A major case in point is the ability for dialogue to express action. An important consideration for any film maker is the budget. In stage plays, we can see just how much action and information can be conveyed to the audience, even with limited resources.
For example, we may wish to film a battle scene. Due to financial restraints, the scope of an epic block buster, complete with a sweeping panorama populated by thousands of suitably attired soldiers, may be out of reach. In a stage play a few talented individuals equipped with good dialogue, lighting, and sound effects, can have an equally intense and graphic effect.
Early silent film educates us in the transition from stage to screen. The Phantom of the Opera, brilliantly acted by Lon Chaney, arguably the best of the silent screen actors, is a great example.
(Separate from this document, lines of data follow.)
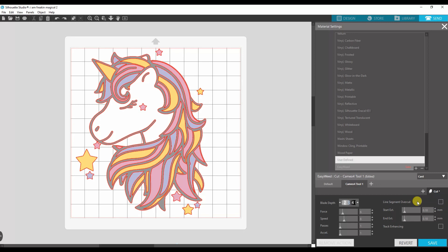The line segment overcut. If you click that, it's going to cut over. It's going to start a little bit before your cut line and then run over a little bit. This will prevent corners from not getting cut.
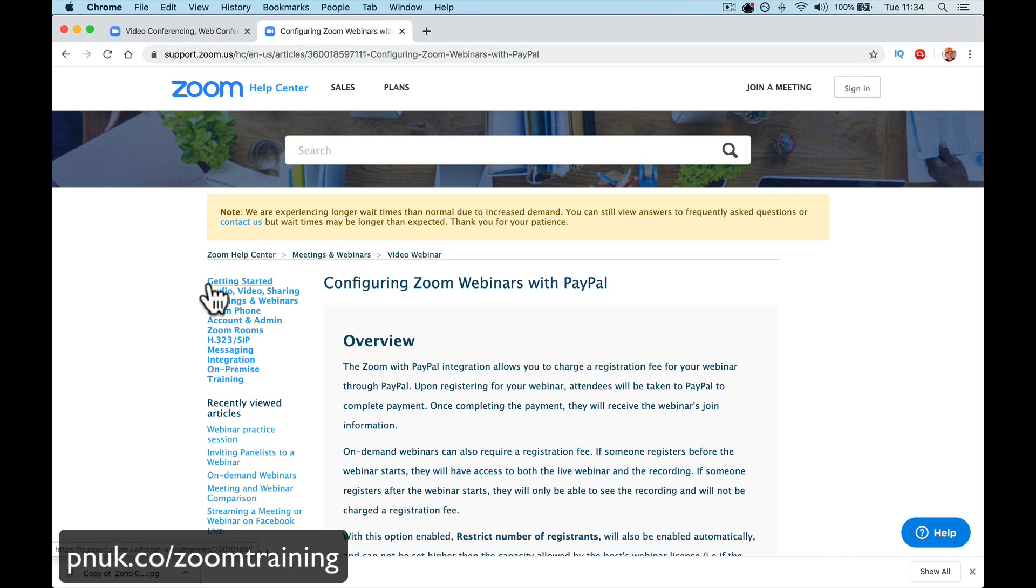Hey guys, it's Paul. I'm going to give you a really quick introduction to accepting PayPal payments for people signing up for your Zoom webinar.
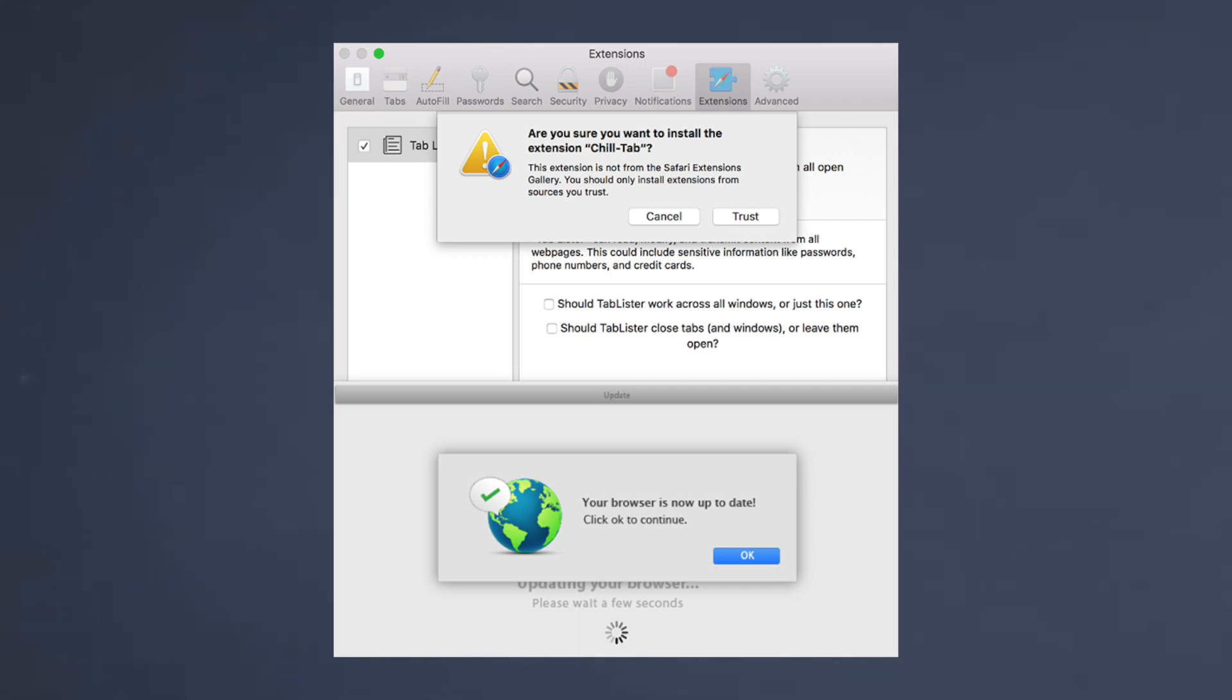Chances are if you've got ChillTab you're going to know about it. It slows down your machine like anything and it's going to keep on booting up Safari even if you're not using it. I mean personally I use Chrome and it still boots up every five seconds.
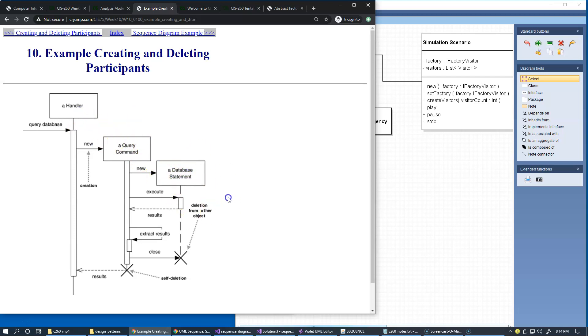But this is available and the message name is optional. If using constructor, it's nicely marked as new right here. And the deletion of the participant like this is indicated by an X sign like this.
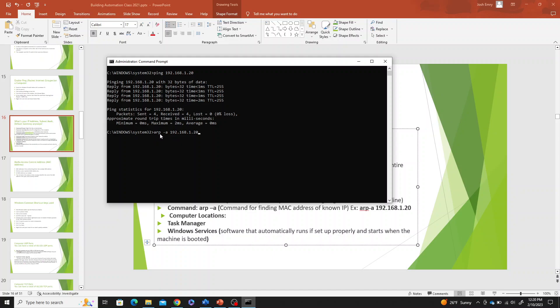If you put this ARP-A and then hit enter, it'll show you the MAC address right here under this physical address.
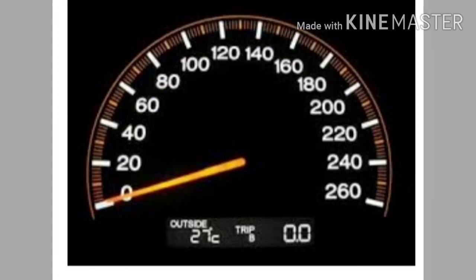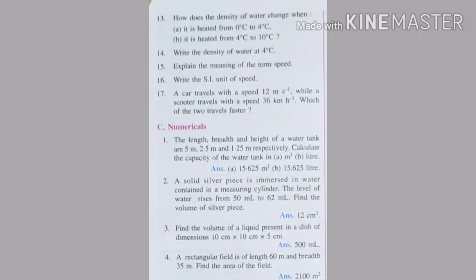Now note down a few questions from the screen, solve them, and in case you get any problem please ask without any hesitation. Thank you, bye.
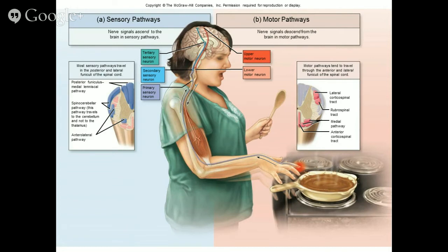Once the cortex processes everything and comes up with a response, it's created in the primary motor cortex, which sends a signal down the upper motor neuron — traveling from the upper portion of the brain all the way through the midbrain and brain stem. It synapses in the spinal cord onto the lower motor neuron, which passes through the anterior root (ventral root) and takes those motor signals straight to the voluntary muscle in the same limb affected by the stimulus, drawing the body away from the stimulus.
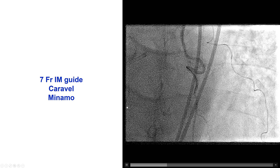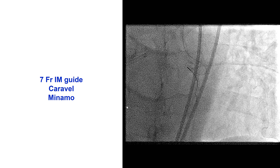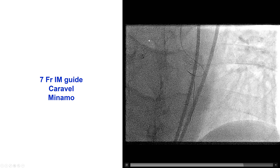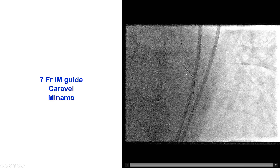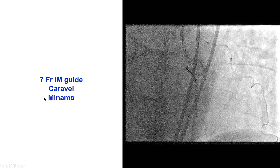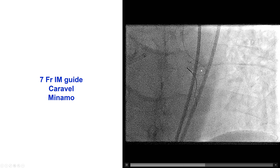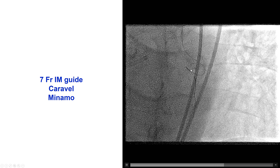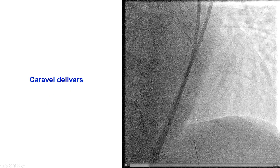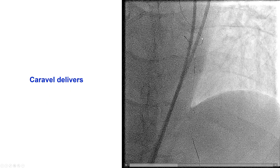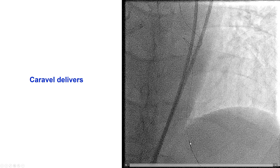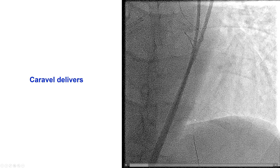We knew this was going to be challenging, so from the beginning we used a microcatheter — specifically a Caravel, which is a very soft microcatheter — to minimize any straightening of the LIMA and the potential accordioning effect that could lead to ischemia. We used a workhorse Minamo guide wire, and the guide wire, with the support of the microcatheter, was actually able to be advanced through the lesion all the way to the distal LAD. We did have quite some difficulty advancing the microcatheter, but finally, once the wire went distally, we were able to get the microcatheter all the way down to the distal LAD.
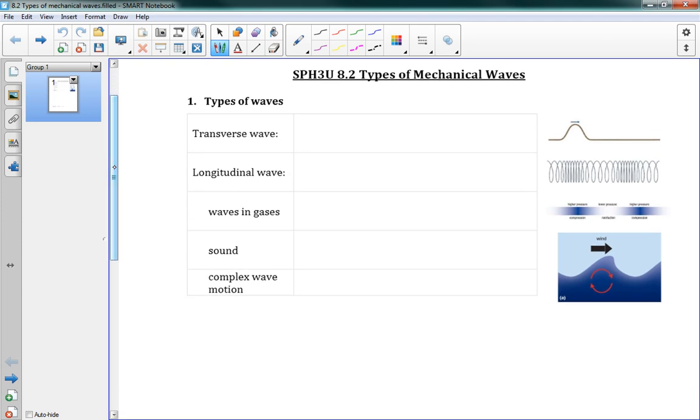So in the last lesson we talked about what is a mechanical wave. That's when we transfer energy through some medium by vibration. Now there's two types of mechanical waves: transverse waves and longitudinal waves. And it's important that you understand the distinction between these two.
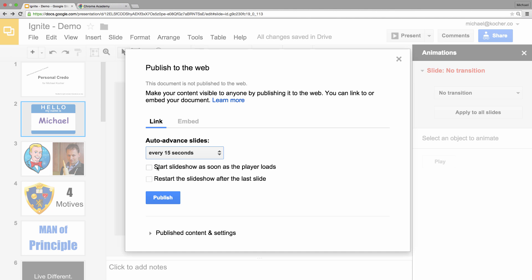And I think I also want to start the slideshow as soon as the player loads. That way, if I give somebody the link, they click on it, and the slideshow begins.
Such films have the feel of the stage even when dealing with expansive sets. The huge forms of melodramatic actors lurching at the audience were an all new sensory experience.
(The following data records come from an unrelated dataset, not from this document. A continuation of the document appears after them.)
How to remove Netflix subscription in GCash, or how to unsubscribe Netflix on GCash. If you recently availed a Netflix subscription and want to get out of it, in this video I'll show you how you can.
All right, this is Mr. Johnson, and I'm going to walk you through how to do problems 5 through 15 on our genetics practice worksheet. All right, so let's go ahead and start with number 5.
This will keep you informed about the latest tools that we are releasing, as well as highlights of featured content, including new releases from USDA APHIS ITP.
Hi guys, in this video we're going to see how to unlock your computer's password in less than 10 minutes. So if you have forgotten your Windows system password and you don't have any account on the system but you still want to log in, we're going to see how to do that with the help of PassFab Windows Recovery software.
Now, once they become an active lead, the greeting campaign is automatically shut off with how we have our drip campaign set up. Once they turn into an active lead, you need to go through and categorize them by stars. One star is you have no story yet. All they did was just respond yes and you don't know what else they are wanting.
The importance of sound accompaniment, and its development also occurred early on. The magnificent Wurlitzer organ provided music plus effects, such as the sound of horse hooves, thunder, and even the babble of a crowd.
From plays we learn the power of dialogue and the function of monologue. The concept of monologue opens up a fresh new batch of ideas, as another valuable literary device. Monologue adds progression to the story in a revealing expose, while clarifying complexity of subject matter for the audience.
Once the framework of a script is in place, screen writing and filmic devices become an exciting temptation rather than a confusing distraction. A monologue is compared to a mini-play within the script. This gives us some indication of the power of a well crafted monologue, while also signaling caution regarding its overuse.
A benefit of seeing film through the eyes of a playwright is in reading the script in dynamic fashion in order to get a true feel for the progressive action. When getting the feel for a script an actor, or author, does more than just read it. He takes on the character, wears the role on his feet, and walks around in it.